■ Information shown ■

- Opening Delimiter -

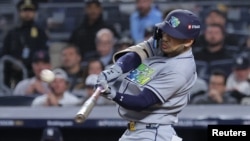 Víctor Mesa Jr. disparó el jonrón que decretó la eliminación de los Yankees por los Rays de Tampa Bay.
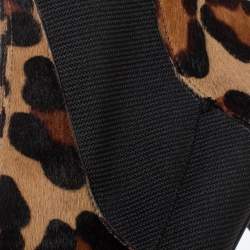 Dolce & Gabbana Animal Print Calf Hair and Elastic Fabric Knife Ankle Boots Size 38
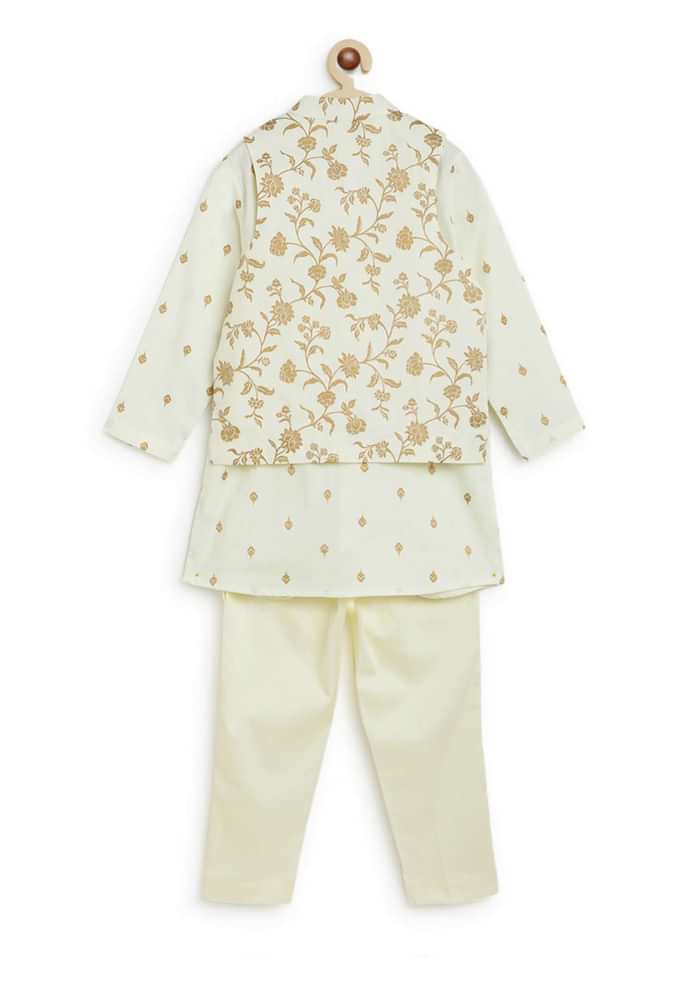 Kalki Boys 3 Pc Cream White Bandhgala Bundi Kurta Set Embroidered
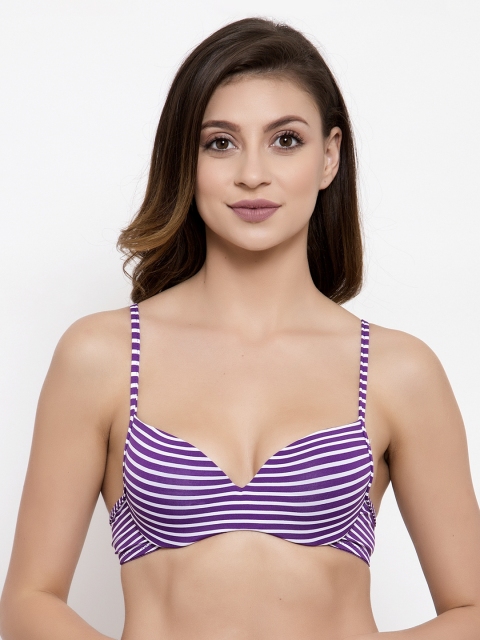 

Friskers Purple Printed Underwired Lightly Padded Push-Up Bra OO-1378-16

- Closing Delimiter -

■ Work to complete ■
Transcribe exactly the span of lines from the line holding "Kalki Boys 3" through the last line above, both included. Pictures stay out.

■ Reply ■
 Kalki Boys 3 Pc Cream White Bandhgala Bundi Kurta Set Embroidered

Friskers Purple Printed Underwired Lightly Padded Push-Up Bra OO-1378-16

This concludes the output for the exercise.